In September, the U.S. economy was estimated to have added +194,000 jobs. Revisions to figures for previous
months were positive, with the estimate for July rising +38,000 to +1.1 million and the estimate for August rising +131,000 to +366,000. The 12-month average for job gains is +474,000. Since COVID, there has been a net loss of -5.0 million positions.
The unemployment rate dropped 0.4 percentage points to 4.8%. This is a new post-pandemic low. Initial claims for unemployment insurance continue to trend lower. Average wages increased 4.6% in September. Between the financial crisis and before COVID, annual wage growth peaked near 3.5%. During that time, however, inflation was lower. Wage growth will need to outpace inflation for real consumer spending growth to remain strong. Year-over-year comparison against figures from 2020 can be a distortion, but the overall inflation rate was 5.2% in August.
Consumer Confidence & Spending
The Conference Board’s Index of Consumer Confidence decreased for the third consecutive month in September. After the 5.9 point month-over-month drop, the current reading for the index is 109.3. This is above the long-term average of 93. It is also well below the value of 128.9 posted in June and well below the levels near 130 that were common before the pandemic.

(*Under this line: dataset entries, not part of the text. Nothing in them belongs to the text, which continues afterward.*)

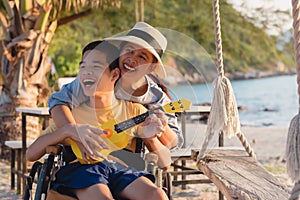 Asian special child on wheelchair is singing, playing ukulele happily on the beach
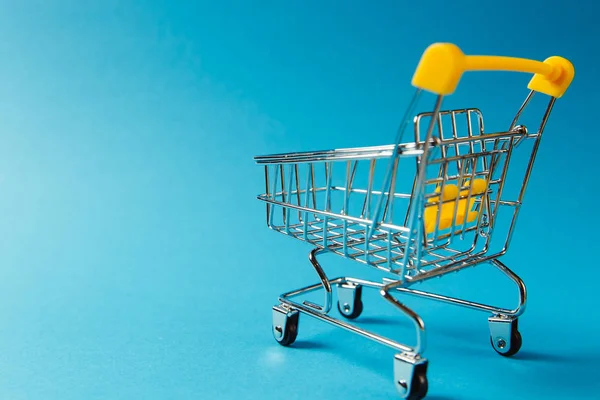 スーパー マーケット食料品は黒色車輪と青の背景に分離されたハンドルに黄色のプラスチック要素ショッピング カートを押すをクローズ アップ。ショッピングのコンセプト。広告のためのスペースをコピーします。 ストック画像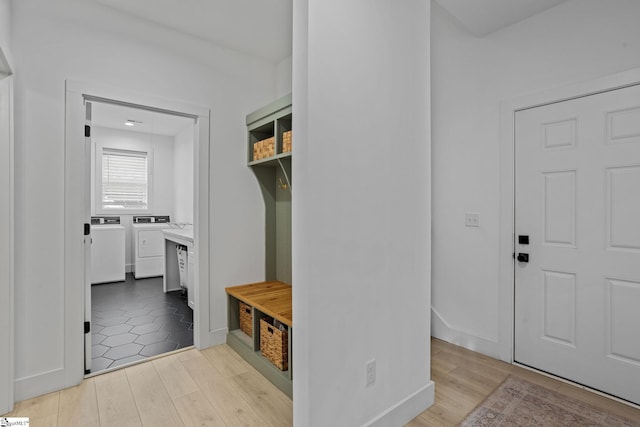 mudroom featuring separate washer and dryer and light wood-type flooring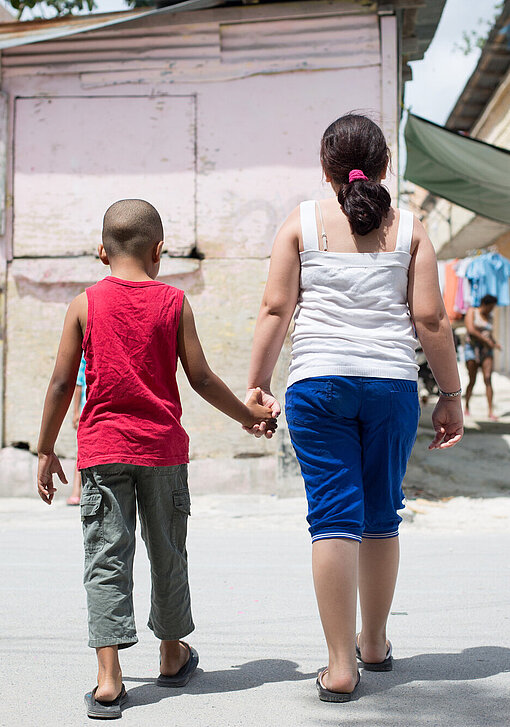 Ein kleiner Junge und ein etwas größeres Mädchen gehen Hand in Hand, den Rücken zur Kamera.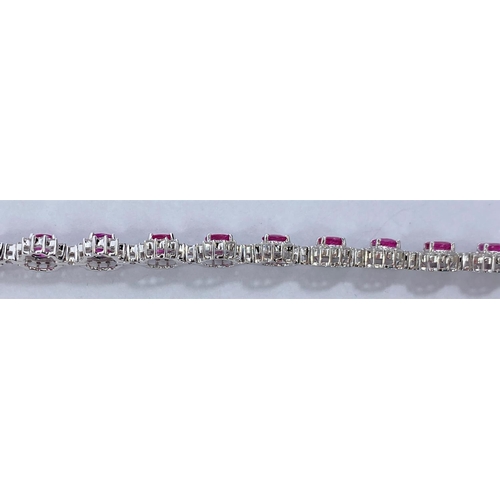 652 - A white metal bracelet with 17 flowerhead cluster links, each set with a central ruby surrounded by ... 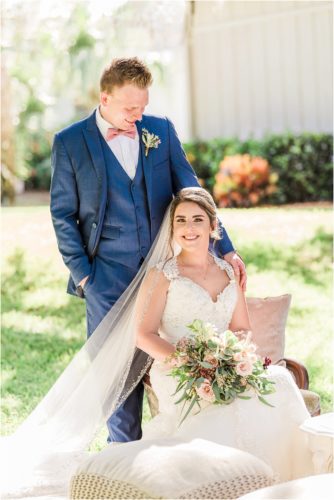 Bride and groom on couch from crystal and crates at Up the Creek Farms Melbourne Wedding Photographer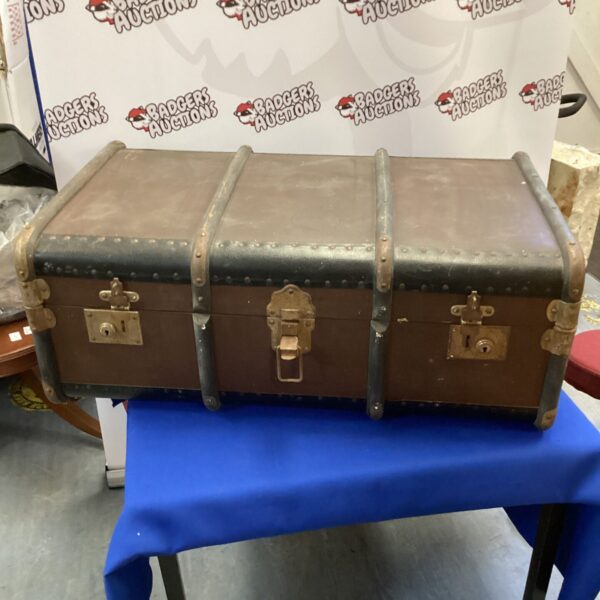 Front view of a vintage travel trunk with canvas exterior.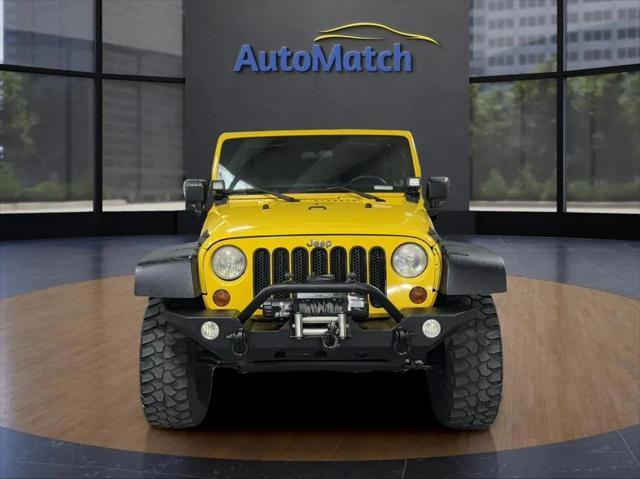 used 2011 Jeep Wrangler Unlimited car, priced at $14,995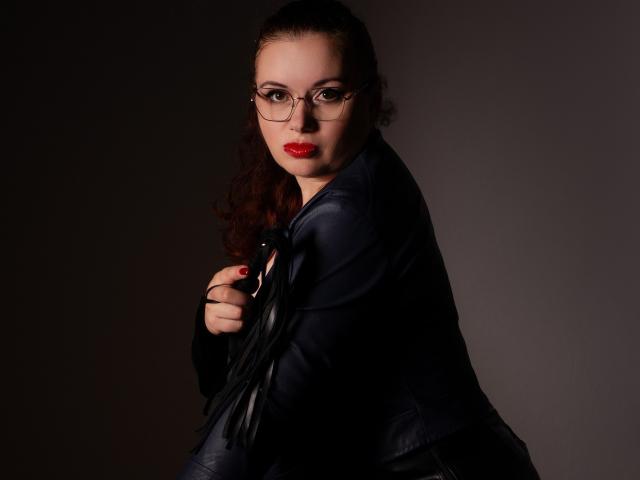 ElisabethLovee, com cabelo castanho encaracolado, batom vermelho, óculos, jaqueta de couro preta, segurando um chicote de couro preto, olhando para a câmera, fundo escuro, sexy, confiante..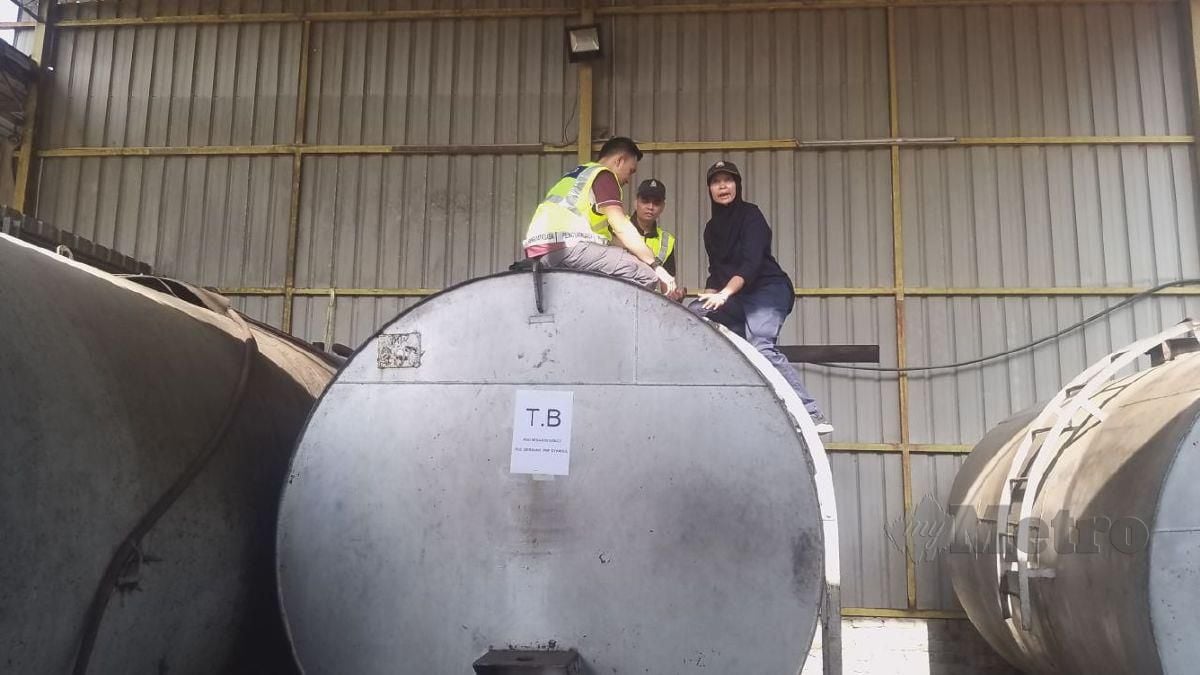 Farah Adlina dan penguatkuasa KPDN Perlis sedang meneliti bekalan diesel yang dirampas dan masih terdapat dalam tangki penyimpanan di sebuah stor pemborong diesel di Kawasan Perindustrian Padang Besar. FOTO AIZAT SHARIF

Overall consumer spending increased 0.4% month-over-month in August. Year-over-year, spending was up 7.0%. Apparel spending was up 2.0% month-over-month and up 20.9% year-over-year. Relative to August 2019, overall spending was up 3.7%, while spending on apparel was 24.8% higher. Spending on services has been a drag on overall spending, while consumers continue to demonstrate an appetite for goods like clothing.
Consumer Prices & Import Data
The CPI for apparel increased for the fifth consecutive month in August. Despite the string of increases, average retail prices are still -1.6% lower than before the pandemic (August 2021 versus February 2020).
After setting a new record ($2.95/SME in seasonally-adjusted data) in March 2021, the average cost per square meter (SME) of cotton-dominant apparel imports has increased for the past five months. The latest value, however, remains -4.5% lower than it was before COVID. Rising fiber prices and competition for capacity may eventually pull import prices above pre-COVID levels.